Trade union movement urged to reorganise, reposition for 21st century
Minister within the Ministry of Labour, Keith Scott (second left) along with labour leaders and officials at the head table (Adrian Narine photo)
Minister within the Ministry of Labour, Keith Scott (second left) along with labour leaders and officials at the head table (Adrian Narine photo)

ONE hundred years after the establishment of formal trade unionism in Guyana, the trade union movement is being urged to reorganise and reposition itself if it is to remain relevant in the 21st century.

This call was made by Minister within the Ministry of Social Protection, Keith Scott, during the celebration of the 100th anniversary of the local trade union movement at the Grand Coastal Hotel, on Wednesday.

“The leadership has to wake up to the reality that it is not what it used to be in the past, now a revolutionary approach is necessary for them to understand, especially ahead of the oil and gas sector,” said Scott.

He said the style of engagement has changed and it is not what it used to be. Scott believes that trade unions are under threat because less people belong to unions, there are fewer unions and there are less capable leaders with less vision.

“People need to have more confidence and develop confidence to take leadership of the union,” he asserted. In addition, he said it is time for unions to have a change in mindset by not looking into the past, but by moving forward and becoming the new dispensation which Guyana needs.

“Despite the odds, I have no doubt that trade unity will survive and unions will always stay together…once workers can see the fulfillment and unity that is necessary, they will rally behind the unions,” said the minister.

A section of the gathering at the labour conference (Adrian Narine photo)

The beginning of the trade union movement can be traced to a strike by waterfront workers for increased wages in November and December 1905 in Georgetown, which was led by the indomitable Hubert Nathaniel Critchlow.

According to General Secretary of the Guyana Agricultural and General Workers Union (GAWU), Seepaul Narine, those waterfront workers faced opposition from the uncompromising shipping companies, and the conflict between the shipping companies and the workers had deteriorated into rioting and bloodshed and was only eventually settled after the British troops had been summoned.

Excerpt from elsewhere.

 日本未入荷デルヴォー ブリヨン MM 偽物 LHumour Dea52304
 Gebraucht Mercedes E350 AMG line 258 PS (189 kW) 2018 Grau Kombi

It was Critchlow’s participation and role in this strike that gave him recognition as a workers leader. The failure of this 1905 strike clearly demonstrated to Critchlow that there was a pressing need for a trade union in the colony.
Critchlow reaffirmed his role as the undisputed leader of workers, and particularly among waterfront workers.

In fact, because of his initiative and proposals, Critchlow is credited as being the main force that was responsible for the gains achieved by workers in the January, 1917 and December, 1917 strikes. “Today, much of what Critchlow, his colleagues and his successors, together with the workers fought for in the years following 1919, have been realised. No longer are trade unions outlawed, but now-a-days the right to belong to unions has been enshrined in our Constitution and there is now the Trade Union Recognition Act as part of our Statues,” said Narine.

Today, too, following calls from the days of the infancy of the trade union movement, the Guyanese working-class are protected by a contributory social protection scheme. Similarly, child labour has been outlawed and workers are protected by the enactment of a national minimum wage.

Rights such as the payment of terminal benefits; to the setting of a retirement age; to the receipt of employer pensions, have become gains that go to enhance the workers well-being and lift their living standards.